SANTA FE – Sabato 25 aprile, nella suggestiva sede del Museo de la Constitución, si è svolto il 9° Incontro Nazionale dei Dirigenti delle Collettività, un appuntamento di grande rilevanza che ha riunito oltre 300 rappresentanti e leader comunitari provenienti da tutta l’Argentina. 

In questo contesto di dialogo interculturale – arricchito anche dalla presenza di Consoli Onorari europei, tra cui Finlandia e Ungheria – si è distinta la partecipazione dell’associazione italo-argentina Famiglia Piemontese, che ha contribuito attivamente ai lavori e agli scambi istituzionali della giornata. 

A rappresentare l’associazione è stata la sua Commissione Direttiva, composta dalla presidente Cintia Cerquatti Caprioli, il vicepresidente Orlando Bruno, la segretaria Silvia Bonaldi, la tesoriera Claudia Ponce e le vocali Sabrina Soria e Marta Borgogno.  

Presente anche la Comisión Revisora, con Delis Moriondo e Susana Trespi. In particolare, Moriondo – anche consigliere del Comités Córdoba e originario di Río Tercero – ha preso parte all’incontro, rafforzando il legame tra le istituzioni della collettività italiana e il territorio. 

La partecipazione della Famiglia Piemontese si inserisce in un quadro più ampio di forte presenza italiana all’evento. Tra i momenti centrali, infatti, si è distinta la relazione “Diplomazia delle Radici: Il Gemellaggio delle Conoscenze”, curata d Ítalo Juan Cassina, vicepresidente dell’Ucoim, e dal Console Onorario d’Italia a Villa María, Matías Ezequiel Bossa. 

Nel corso dell’intervento è stato evidenziato il ruolo strategico della rete consolare italiana in Sud America, concepita come un vero ponte tra culture, capace di favorire scambi accademici, culturali ed economici.  

Un esempio concreto è stato il progetto Stiloma, concorso internazionale di design industriale che ha coinvolto, per la prima volta, 20 giovani provenienti da diversi paesi del continente, dimostrando come i gemellaggi possano trasformarsi in strumenti concreti di sviluppo per le nuove generazioni. 

In questo scenario, la presenza della Famiglia Piemontese assume un significato particolare: quello di un’associazione radicata nella tradizione ma proiettata verso il futuro, capace di promuovere l’identità italiana e, allo stesso tempo, di partecipare attivamente ai processi di integrazione e cooperazione internazionale. 
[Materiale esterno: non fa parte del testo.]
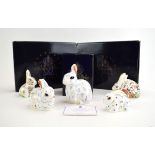 Five Royal Crown Derby paperweights, each in the form of a rabbit,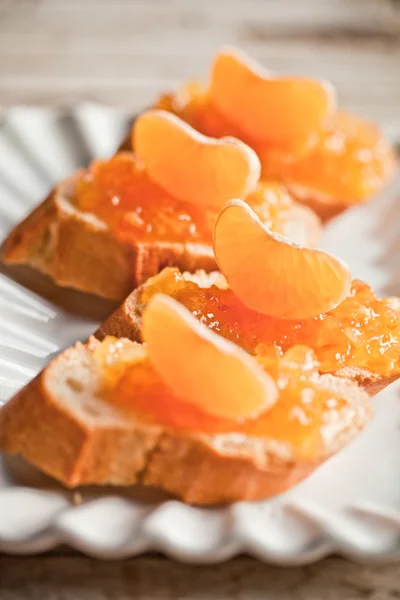 Pieces of baguette with orange marmalade — Stock Photo, Image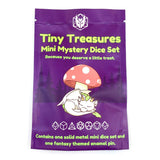 Purple packaging of 'Tiny Treasures Mini Mystery Dice Set' with a cartoon cat and mushroom design.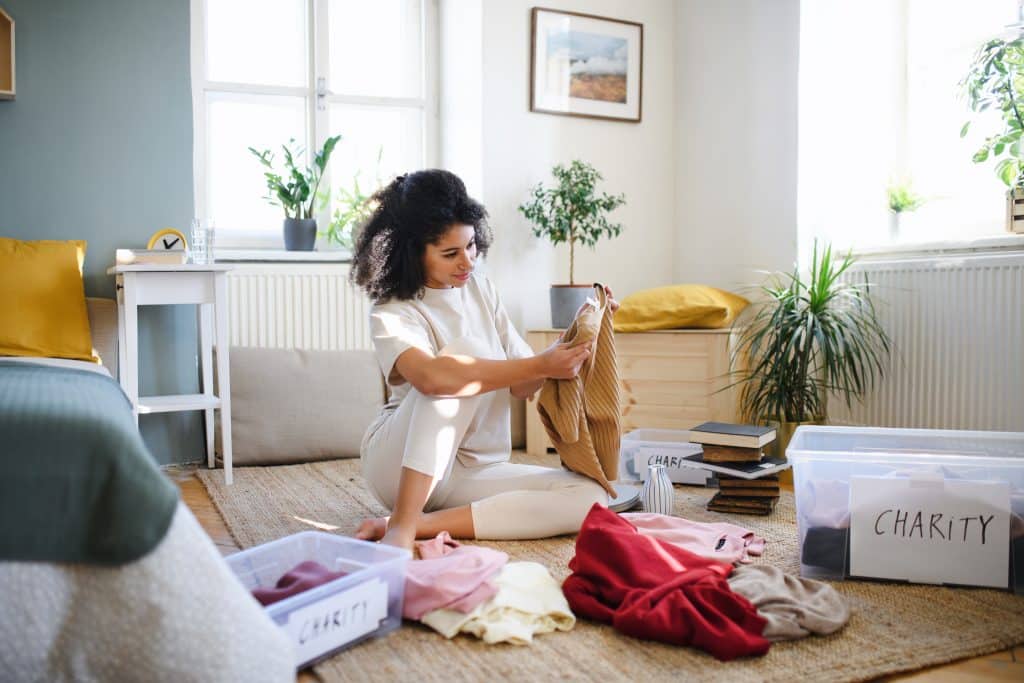 young,woman,sorting,wardrobe,indoors,at,home,,charity,donation,concept.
A conferma del dinamismo dell’associazione, è stato inoltre annunciato il prossimo appuntamento: il 9 maggio si terrà a Paraná l’Incontro Piemontese Argentino-Uruguaiano, un evento che riunirà le comunità piemontesi dei due Paesi, rafforzando ulteriormente i legami culturali e istituzionali nell’area del Río de la Plata. 

L’incontro di Santa Fe ha così confermato non solo il valore delle collettività come custodi di memoria e cultura, ma anche il loro ruolo dinamico nella costruzione di nuove opportunità. E la Famiglia Piemontese, con la sua partecipazione, si è riaffermata come protagonista di questo percorso.